Taiwanese sculptor rehouses gods

Photo: AFP/Sam Yeh via CNA

Photo: AFP/Sam Yeh via CNA

Gods and myths are as vulnerable to the ravages of societal change as we are. Karl Marx famously wrote of life under capitalism: “All that is solid melts into air, all that is holy is profaned”. Where sacred truths once explained the nature of the world, the foundations of those truths are shaken by the development of capital. Once an essential part of the life-world, the change in production and social structure removes the impetus for religion. As a result, it would seem that even deities are relegated to the status of services.

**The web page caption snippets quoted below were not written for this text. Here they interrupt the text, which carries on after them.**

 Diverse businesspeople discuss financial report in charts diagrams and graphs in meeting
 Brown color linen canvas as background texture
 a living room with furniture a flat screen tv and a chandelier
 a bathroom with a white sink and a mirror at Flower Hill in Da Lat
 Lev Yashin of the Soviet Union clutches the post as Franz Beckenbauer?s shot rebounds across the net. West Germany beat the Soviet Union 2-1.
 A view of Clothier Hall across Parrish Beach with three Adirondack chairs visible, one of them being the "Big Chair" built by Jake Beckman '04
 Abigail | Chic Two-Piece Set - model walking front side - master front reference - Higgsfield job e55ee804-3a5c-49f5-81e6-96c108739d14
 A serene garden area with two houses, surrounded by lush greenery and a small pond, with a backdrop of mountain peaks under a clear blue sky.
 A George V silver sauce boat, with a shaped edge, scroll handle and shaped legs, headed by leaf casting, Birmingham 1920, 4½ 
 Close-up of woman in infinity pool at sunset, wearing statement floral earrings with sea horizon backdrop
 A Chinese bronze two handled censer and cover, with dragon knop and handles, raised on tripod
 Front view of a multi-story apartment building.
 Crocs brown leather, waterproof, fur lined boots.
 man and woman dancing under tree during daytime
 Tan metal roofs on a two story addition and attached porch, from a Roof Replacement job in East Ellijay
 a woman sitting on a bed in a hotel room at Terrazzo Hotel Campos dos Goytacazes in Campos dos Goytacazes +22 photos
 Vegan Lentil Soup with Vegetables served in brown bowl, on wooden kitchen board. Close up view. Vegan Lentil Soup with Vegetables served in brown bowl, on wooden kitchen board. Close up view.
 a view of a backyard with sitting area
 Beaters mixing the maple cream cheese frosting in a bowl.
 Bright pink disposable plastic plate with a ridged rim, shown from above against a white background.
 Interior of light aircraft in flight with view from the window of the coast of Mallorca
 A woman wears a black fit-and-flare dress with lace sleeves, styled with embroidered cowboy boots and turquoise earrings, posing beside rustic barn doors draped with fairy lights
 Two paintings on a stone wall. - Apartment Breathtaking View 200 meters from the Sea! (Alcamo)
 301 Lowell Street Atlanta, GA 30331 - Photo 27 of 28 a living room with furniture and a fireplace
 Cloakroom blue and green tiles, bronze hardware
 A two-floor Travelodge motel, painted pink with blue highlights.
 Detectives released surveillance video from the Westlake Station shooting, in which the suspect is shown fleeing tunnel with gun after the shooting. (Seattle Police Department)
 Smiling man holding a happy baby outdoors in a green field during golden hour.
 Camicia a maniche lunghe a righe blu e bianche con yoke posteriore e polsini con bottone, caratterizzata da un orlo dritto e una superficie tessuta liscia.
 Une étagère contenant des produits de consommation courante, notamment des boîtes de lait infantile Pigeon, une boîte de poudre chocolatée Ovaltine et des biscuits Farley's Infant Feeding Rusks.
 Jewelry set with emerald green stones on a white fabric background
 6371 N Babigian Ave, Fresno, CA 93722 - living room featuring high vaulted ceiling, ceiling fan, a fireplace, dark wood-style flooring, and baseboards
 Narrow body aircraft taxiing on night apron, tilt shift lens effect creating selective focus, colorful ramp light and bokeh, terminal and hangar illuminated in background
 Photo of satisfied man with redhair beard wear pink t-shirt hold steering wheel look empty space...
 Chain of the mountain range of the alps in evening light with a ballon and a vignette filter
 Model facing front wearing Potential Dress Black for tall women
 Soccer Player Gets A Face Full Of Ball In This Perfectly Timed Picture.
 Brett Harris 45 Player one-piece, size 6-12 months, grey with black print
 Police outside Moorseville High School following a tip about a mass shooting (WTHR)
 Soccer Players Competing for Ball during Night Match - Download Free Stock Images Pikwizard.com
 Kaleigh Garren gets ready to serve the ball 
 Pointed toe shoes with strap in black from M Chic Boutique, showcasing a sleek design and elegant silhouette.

              The Taiwanese sculptor Lin Hsin-lai houses an immense collection of Taiwanese deity figures. These are the objects of worship for believers who seek a variety of protections and blessings in their lives. However, these figures are increasingly likely to be discarded or destroyed as followers lose faith or even blame the deities for failing to protect them. A certain ideology is clearly mapped onto the cartography of religious meaning the figures once held. Where they were once deities, they are now service providers. Failing their task at protecting their owners results in dismissal. Lin holds that it is possible to maintain these ways in the modern day. He repairs and rehouses the figures to the best of his abilities.

It is difficult not to feel a connection between his diligent efforts to uphold these figures as deities and resistance against the assimilating influence of capitalism more generally. Is it possible to preserve this culture in the face of the “creative destruction” of capital? It is difficult to say where the future of these deities lie.

Photo: AFP/Sam Yeh via CNA

Photo: AFP/Sam Yeh via CNA

But what remains when these are lost? We can see across the world that capitalism generally does not replace religion so much as it subsumes it. The religious instinct becomes another driver of mass consumption, or alternatively a way to assuage the guilt associated with engaging in mass consumption. No such incorporation appears to be taking place with these figures. While they are collected, they are certainly not “collectibles”. It does not even appear that their value as cultural artefacts is considered, as the article about Lin suggests they are simply being given away at no cost.

Perhaps this partial extinction is an intermediate step in the development of deity worship. It is possible that the space these deities inhabit survives in some respect in their adherents, and that the loss of interest in deities is temporary.

For the time being, however, it is a bleak that even gods must contend with the gig economy.